Thank you, optimizer

Code changes (3)

datarep7/addf07.cc

int add(int a, int b) {
    while (a > 0) {
        a -= 4;
        b += 4;
    }
    while (a < 0) {
        a += 2;
        b -= 2;
    }
    if (a > 0) {
        ++b;
    }
    return b;
}

Honest, this add function is semantically equivalent to return a + b;
But the optimizer ~~can’t~~ doesn’t yet figure that out

Data changes

datarep7/addf08.cc

__attribute__((section (".text.addfunction"))) extern const unsigned char add[] =
    { 0x8d, 0x04, 0x37, 0xc3 };

An add function, defined as an array of bytes?
It works!!!! ./add08 1 2 prints 3; ./add08 10 -21 prints -11
Code and data both have memory representations
- Once the program starts running, the meaning assigned at the source code level is irrelevant—what matters is the byte values
(The __attribute__((section (".text"))) tells the compiler that these bytes might be executable. For security reasons, the bytes would not be executable otherwise—trying to call the “function” would crash. This is an area where compilers and operating systems are getting stricter over time.

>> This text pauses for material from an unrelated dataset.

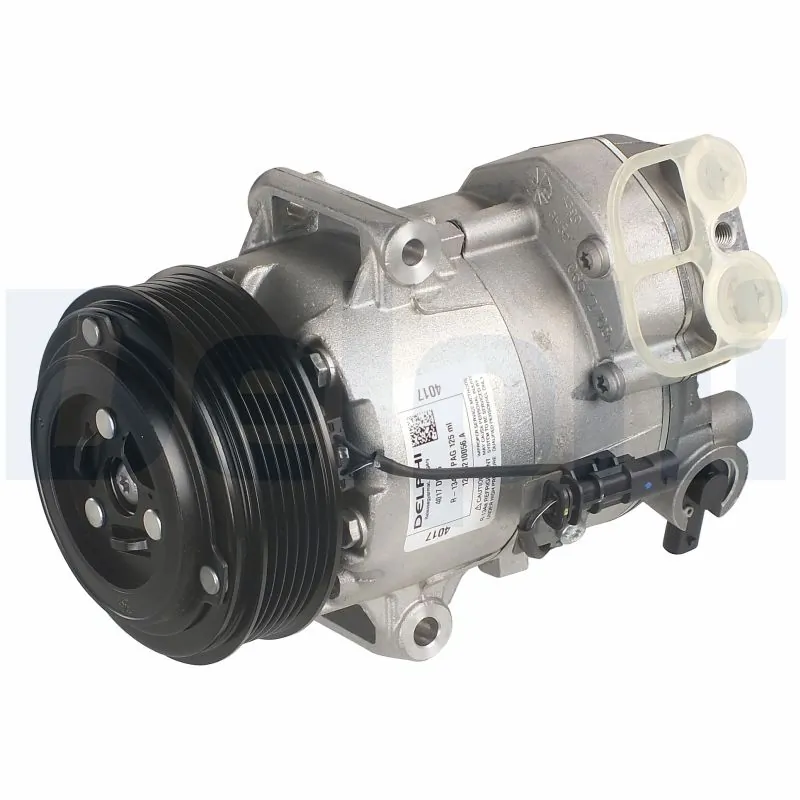 TSP0155987 Delphi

In previous years, simply saying const unsigned char add[] = {…} was enough.)

Spelunking for `add`

datarep7/addf09.cc

int add(int a, int b) {
    // Open a file
    const char* file = "cs61hello.jpg";
    int fd = open(file, O_RDONLY);
    assert(fd >= 0);

    // Look up its size
    struct stat s;
    int r = fstat(fd, &s);
    assert(r >= 0 && S_ISREG(s.st_mode) && s.st_size > 0);

    // Load it into memory starting at address `data`
    void* data = mmap(nullptr, s.st_size, PROT_READ | PROT_EXEC, MAP_SHARED, fd, 0);
    assert(data != MAP_FAILED);

    // Obtain address of add function in loaded file
    uintptr_t function_address = (uintptr_t) data + 0x9efc;
    int (*function_pointer)(int, int) = (int (*)(int, int)) function_address;

    // Call add function
    return function_pointer(a, b);
}

This function opens a file (our Hello Kitty)
Loads that file into memory (man mmap, or wait for Unit 4)
Chooses an offset into the file data (0x9efc bytes into the file data)
And pretends the data at that offset contains an add function and calls it!??!

It works!

Hello

cs61-user@5ae5a48533a8:~/cs61-lectures/datarep7$ ./add09 1 2
1 + 2 = 3
cs61-user@5ae5a48533a8:~/cs61-lectures/datarep7$ ./add09 -1 -201
-1 + -201 = -202

Why does it work?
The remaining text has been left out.